Arturo, orientándose como mejor le era posible, tomó o creyó tomar el camino del callejón para salir al patio grande, y de allí a su celda. La luz misteriosa apareció en ese momento entre los árboles y casas ruinosas y solas.
—En esta vez no se me ha de escapar.
Y sin ver ni dónde pisaba y a riesgo de caer entre los escombros y piedras, corrió materialmente en seguimiento de esa estrella fugitiva. Al llegar casi a tocarla se apagó súbitamente, pero unas ropas de lana se rozaron contra él, extendió la mano, y una mano suave quedó aprisionada.
—¡Arturo!
—¡Aurora!
—¡Déjame, por Dios! Qué locura la mía de seguirte. Una fantasía, una niñería; quería realizar uno de los cuentos maravillosos que nos refieren cuando somos niños. Una luz misteriosa en medio de una completa soledad, una luz que huye, que se pierde, que se apaga, perseguida y nunca alcanzada… eso es lo que quise hacer desde que he observado tus excursiones frecuentes a esta parte abandonada del convento. Desde que tuve la locura de prometerte que me escaparía, lo que gracias a Dios no se verificó, no he cesado de recorrer todo este rumbo, y lo conozco tanto, que con los ojos cerrados lo andaría sin perderme. No me juzgues mal, Arturo, una mera fantasía de niña. Esto es todo. ¡Adiós!

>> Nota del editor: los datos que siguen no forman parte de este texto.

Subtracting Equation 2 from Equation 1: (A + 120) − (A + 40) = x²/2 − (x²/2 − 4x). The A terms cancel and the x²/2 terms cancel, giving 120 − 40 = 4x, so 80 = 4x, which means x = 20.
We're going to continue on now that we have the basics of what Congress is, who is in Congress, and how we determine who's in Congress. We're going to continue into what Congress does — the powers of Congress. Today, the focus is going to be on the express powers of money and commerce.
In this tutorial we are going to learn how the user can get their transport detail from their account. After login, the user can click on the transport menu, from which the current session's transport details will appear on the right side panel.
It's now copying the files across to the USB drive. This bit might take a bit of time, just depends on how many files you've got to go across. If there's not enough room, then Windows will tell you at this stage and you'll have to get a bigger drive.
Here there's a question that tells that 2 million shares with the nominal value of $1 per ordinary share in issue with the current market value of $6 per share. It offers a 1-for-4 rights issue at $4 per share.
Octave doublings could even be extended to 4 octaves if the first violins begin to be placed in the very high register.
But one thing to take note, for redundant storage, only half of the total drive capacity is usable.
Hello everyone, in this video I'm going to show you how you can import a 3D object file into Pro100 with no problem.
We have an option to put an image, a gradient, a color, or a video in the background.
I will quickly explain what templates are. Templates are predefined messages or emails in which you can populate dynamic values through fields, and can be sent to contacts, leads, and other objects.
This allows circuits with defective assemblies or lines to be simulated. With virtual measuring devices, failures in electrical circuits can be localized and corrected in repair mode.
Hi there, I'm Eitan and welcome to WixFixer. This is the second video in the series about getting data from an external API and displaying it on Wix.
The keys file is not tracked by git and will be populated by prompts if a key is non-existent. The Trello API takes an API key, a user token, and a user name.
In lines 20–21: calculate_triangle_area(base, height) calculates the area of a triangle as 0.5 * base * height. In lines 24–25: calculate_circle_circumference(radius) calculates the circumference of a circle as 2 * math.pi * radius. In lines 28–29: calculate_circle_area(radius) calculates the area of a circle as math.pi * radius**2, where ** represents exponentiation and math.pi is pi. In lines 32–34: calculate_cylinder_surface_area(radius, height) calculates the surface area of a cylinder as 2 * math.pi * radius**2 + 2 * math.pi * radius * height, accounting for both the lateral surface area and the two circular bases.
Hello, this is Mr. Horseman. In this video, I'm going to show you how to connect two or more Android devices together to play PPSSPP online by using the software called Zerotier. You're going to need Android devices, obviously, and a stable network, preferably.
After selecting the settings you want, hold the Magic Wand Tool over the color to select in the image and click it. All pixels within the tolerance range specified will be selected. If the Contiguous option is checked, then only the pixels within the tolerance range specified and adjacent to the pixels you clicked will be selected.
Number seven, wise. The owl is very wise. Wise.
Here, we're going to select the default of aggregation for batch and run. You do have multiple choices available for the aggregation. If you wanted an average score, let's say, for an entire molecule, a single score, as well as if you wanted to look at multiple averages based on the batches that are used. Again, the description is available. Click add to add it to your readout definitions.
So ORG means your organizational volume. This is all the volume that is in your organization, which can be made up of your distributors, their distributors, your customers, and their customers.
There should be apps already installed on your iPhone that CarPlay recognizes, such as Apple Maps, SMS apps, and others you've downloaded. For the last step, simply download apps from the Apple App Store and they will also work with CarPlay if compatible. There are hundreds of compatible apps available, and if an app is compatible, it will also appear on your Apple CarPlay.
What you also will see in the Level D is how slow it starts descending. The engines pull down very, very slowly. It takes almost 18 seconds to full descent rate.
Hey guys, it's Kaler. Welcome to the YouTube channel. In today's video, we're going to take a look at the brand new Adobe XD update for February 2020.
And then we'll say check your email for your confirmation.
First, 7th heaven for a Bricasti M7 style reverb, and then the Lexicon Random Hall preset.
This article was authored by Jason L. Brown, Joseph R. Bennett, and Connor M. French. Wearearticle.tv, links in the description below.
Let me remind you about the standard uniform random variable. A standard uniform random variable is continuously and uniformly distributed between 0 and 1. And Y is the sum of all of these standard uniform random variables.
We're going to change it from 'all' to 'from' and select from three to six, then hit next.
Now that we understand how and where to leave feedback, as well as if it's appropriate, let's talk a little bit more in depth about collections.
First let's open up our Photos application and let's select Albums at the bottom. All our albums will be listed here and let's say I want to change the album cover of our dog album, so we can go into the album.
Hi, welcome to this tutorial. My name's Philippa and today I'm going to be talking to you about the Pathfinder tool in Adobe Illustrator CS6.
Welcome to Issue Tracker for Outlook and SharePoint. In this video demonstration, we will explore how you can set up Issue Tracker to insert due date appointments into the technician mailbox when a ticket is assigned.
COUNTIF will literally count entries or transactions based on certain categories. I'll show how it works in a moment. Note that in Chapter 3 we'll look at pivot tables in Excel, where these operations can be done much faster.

—¿Y te dejaría huir ahora, querida Aurora, sin aprovechar esta feliz ocurrencia tuya? ¿Cómo te había de juzgar mal, vida mía, y cuando me tuteas, y me tratas con esa confianza de antigua amiga no te había de decir que eres mi único pensamiento y que bendigo esta revolución que por mi buena fortuna y sin pensarlo me ha conducido cerca de ti, y con el poder de las armas para sacarte de este convento y triunfar de tus miserables perseguidores?
—¡Qué cabeza! ¡Qué ligereza la mía, que un día u otro me ha de causar mucho mal! ¿Qué vas a creer, qué vas a decir para tus adentros, y cuando pienses que una muchacha, que es ya casi una religiosa, ha salido de su celda en tu seguimiento hasta encontrarte en un lugar apartado y solo en semejante noche oscura…? ¡Dios mío! tiemblo de pensar solamente en la locura que he hecho… ¡Adiós! ¡Adiós! déjame ir, déjame ir, suelta mi mano… no me vayas a juzgar mal. Si en la ciudad se supiese que hemos estado solos, solos a estas horas de la noche, en que todas las religiosas duermen, ¿qué escándalo tan grande? el arzobispo, los canónigos, la gente toda no se ocuparía más que de nosotros, y hasta se olvidaría la política al menos por un par de días… Déjame, Arturo, suelta mi mano, ya otro día nos volveremos a encontrar, yo lo procuraré, te lo prometo… déjame… si por casualidad despertara alguna monja, si a la abadesa se le antojara ir a mi celda. ¡Adiós!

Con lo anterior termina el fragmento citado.